◆ Problem statement ◆
I would like the line with "Orologio CITIZEN Q&Q" and every line after it, down to the end of the entries below, output exactly and without pictures.

(Image-caption web data)
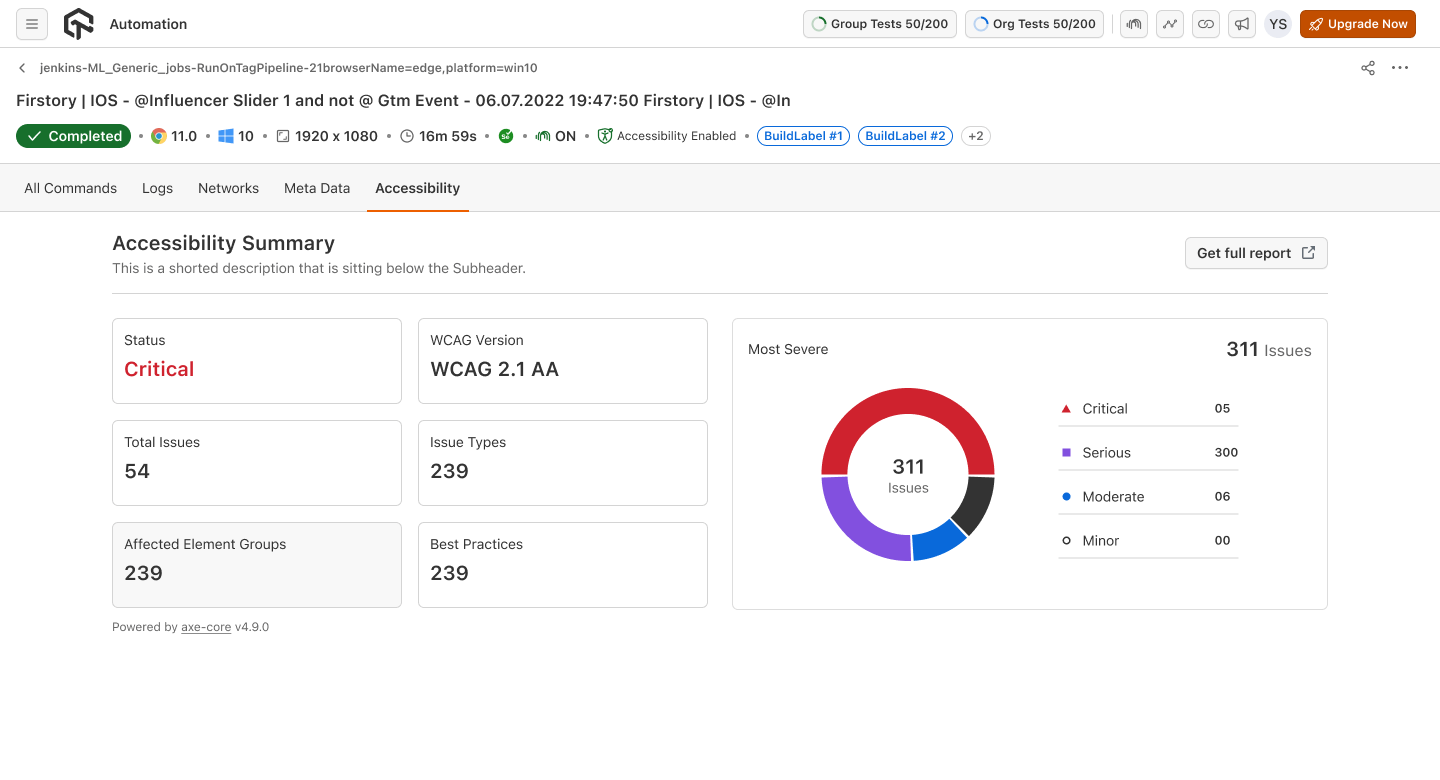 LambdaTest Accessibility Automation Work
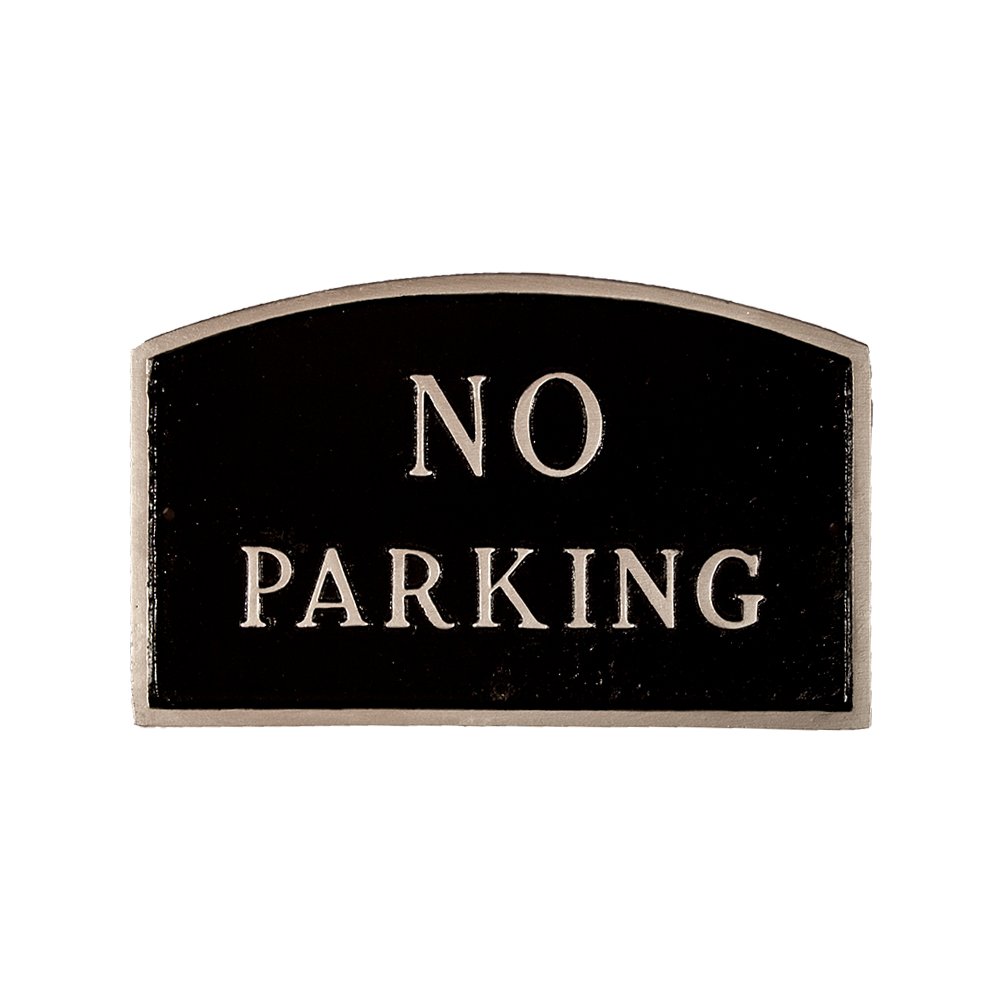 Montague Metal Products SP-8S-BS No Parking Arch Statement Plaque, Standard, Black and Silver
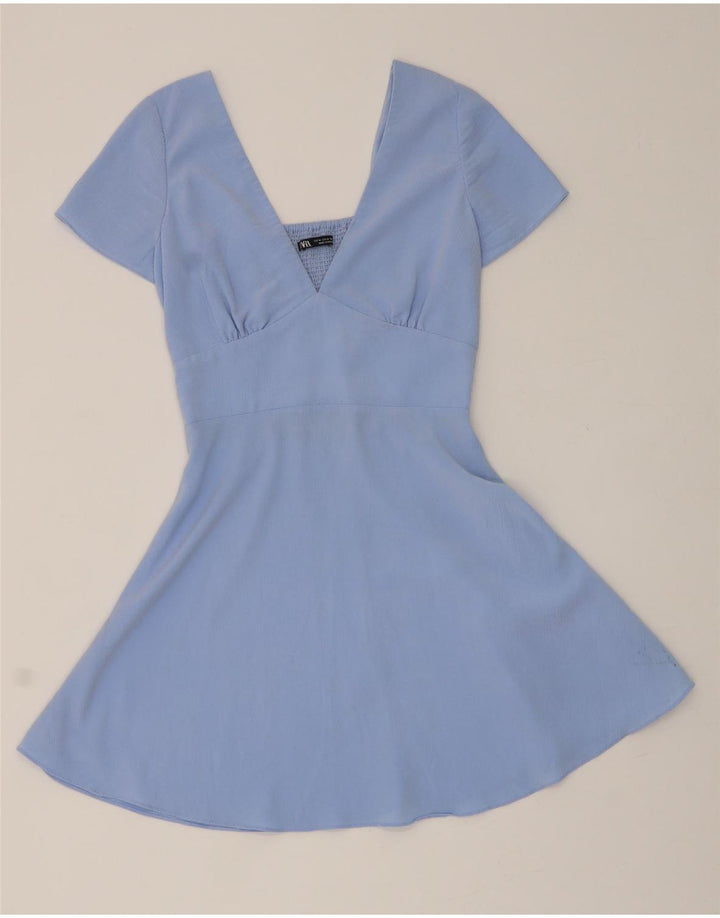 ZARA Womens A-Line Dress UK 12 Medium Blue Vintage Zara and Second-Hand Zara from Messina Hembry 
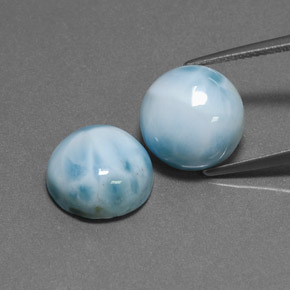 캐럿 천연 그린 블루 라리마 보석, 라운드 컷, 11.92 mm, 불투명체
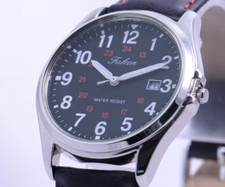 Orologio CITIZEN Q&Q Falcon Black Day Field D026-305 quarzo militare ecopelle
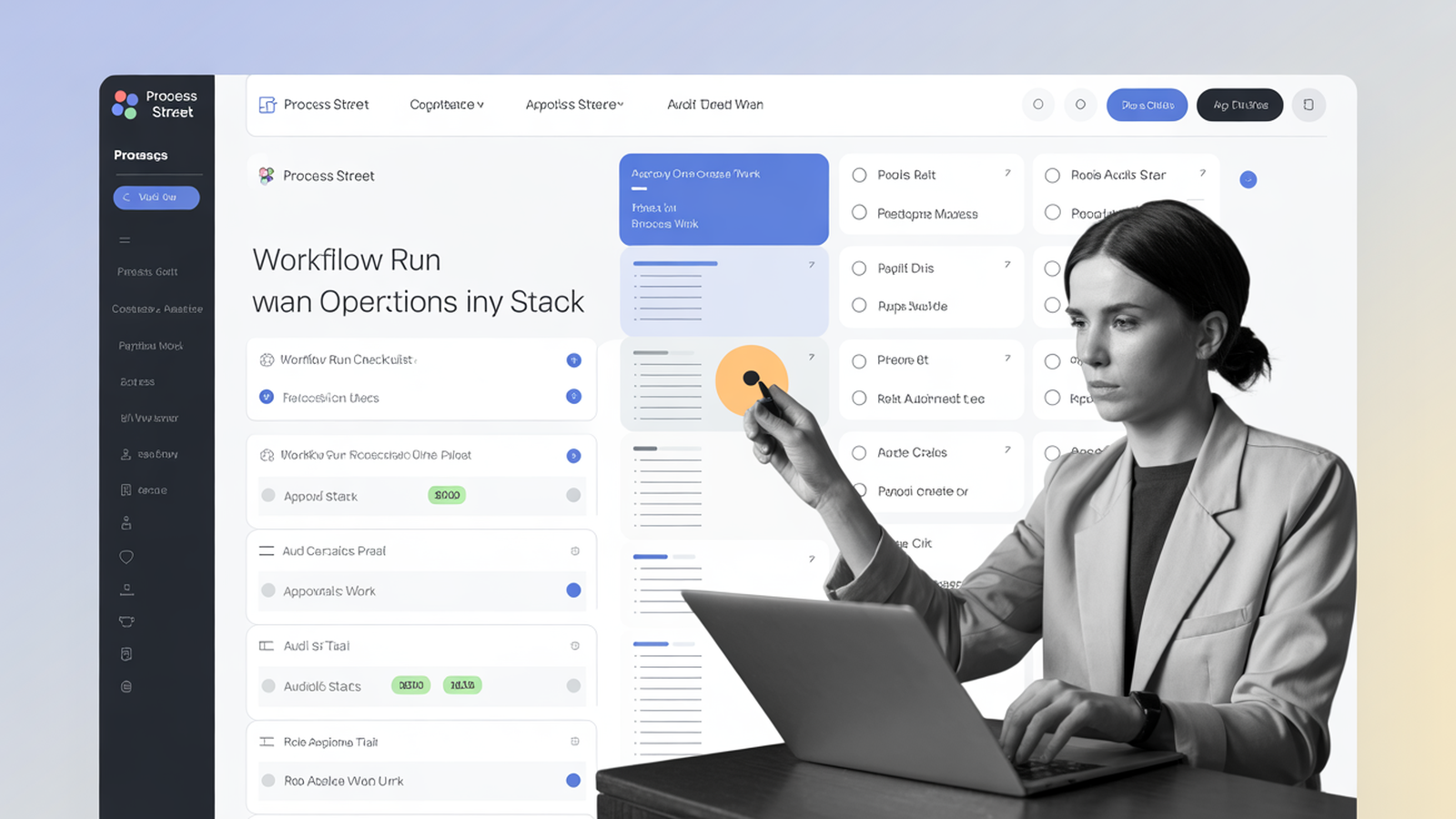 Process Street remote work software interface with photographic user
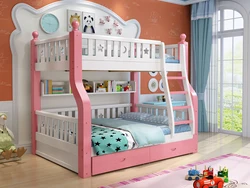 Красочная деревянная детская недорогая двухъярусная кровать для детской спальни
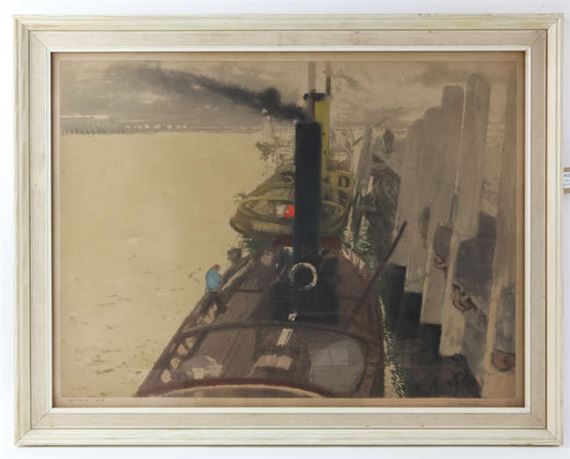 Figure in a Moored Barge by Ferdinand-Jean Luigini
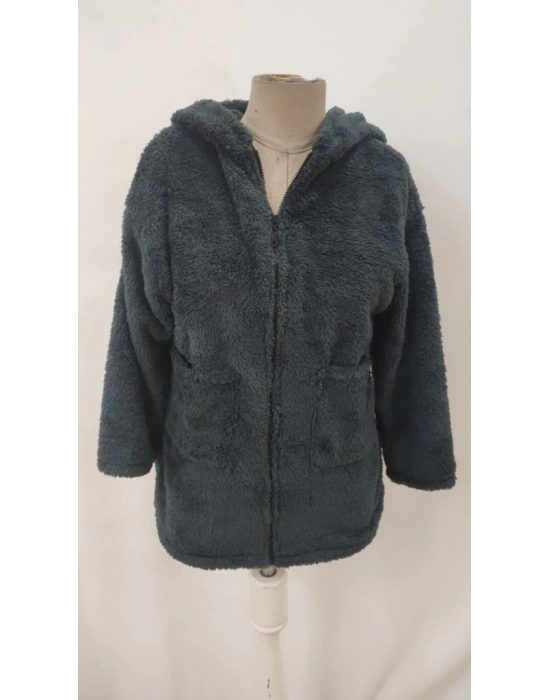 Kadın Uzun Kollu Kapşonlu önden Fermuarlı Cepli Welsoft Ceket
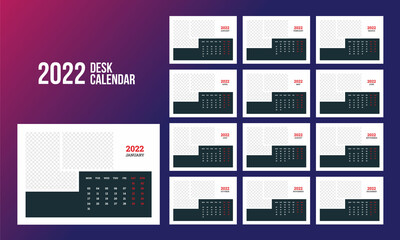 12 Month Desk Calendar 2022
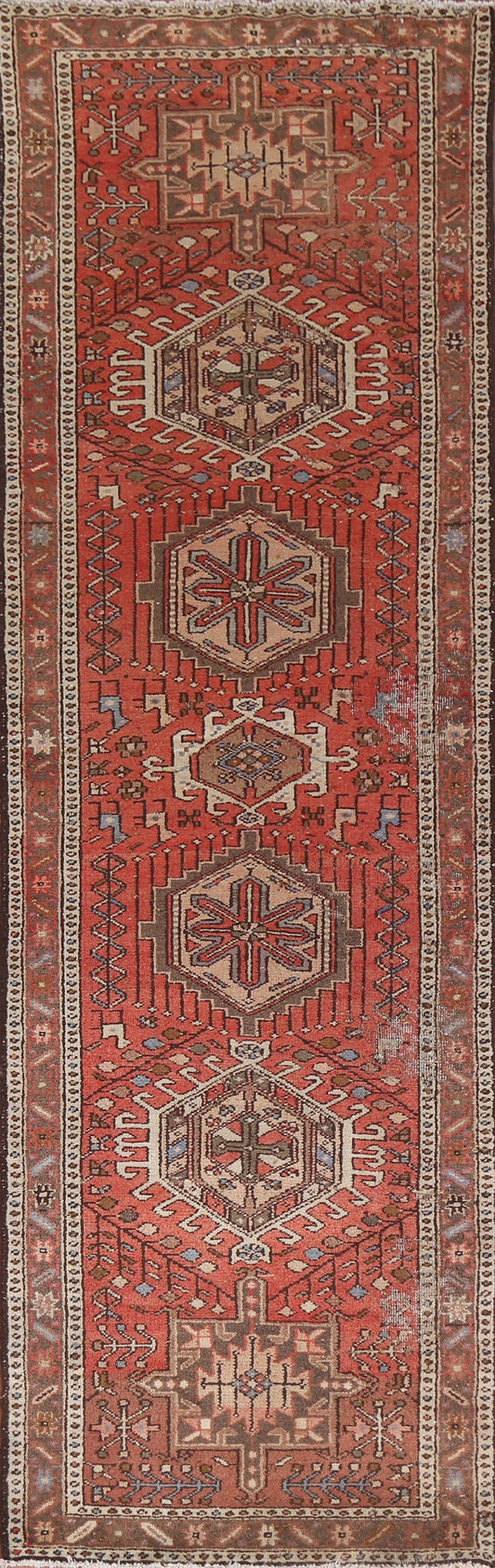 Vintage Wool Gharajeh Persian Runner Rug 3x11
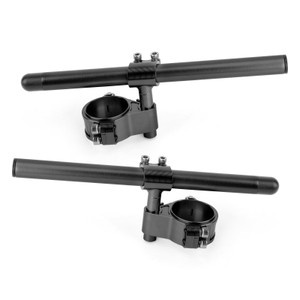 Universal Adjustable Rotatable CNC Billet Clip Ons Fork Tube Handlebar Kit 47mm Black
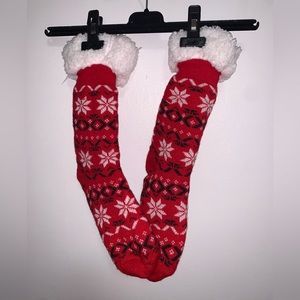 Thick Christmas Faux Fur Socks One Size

◆ Exercise answer ◆
 Orologio CITIZEN Q&Q Falcon Black Day Field D026-305 quarzo militare ecopelle
 Process Street remote work software interface with photographic user
 Красочная деревянная детская недорогая двухъярусная кровать для детской спальни
 Figure in a Moored Barge by Ferdinand-Jean Luigini
 Kadın Uzun Kollu Kapşonlu önden Fermuarlı Cepli Welsoft Ceket
 12 Month Desk Calendar 2022
 Vintage Wool Gharajeh Persian Runner Rug 3x11
 Universal Adjustable Rotatable CNC Billet Clip Ons Fork Tube Handlebar Kit 47mm Black
 Thick Christmas Faux Fur Socks One Size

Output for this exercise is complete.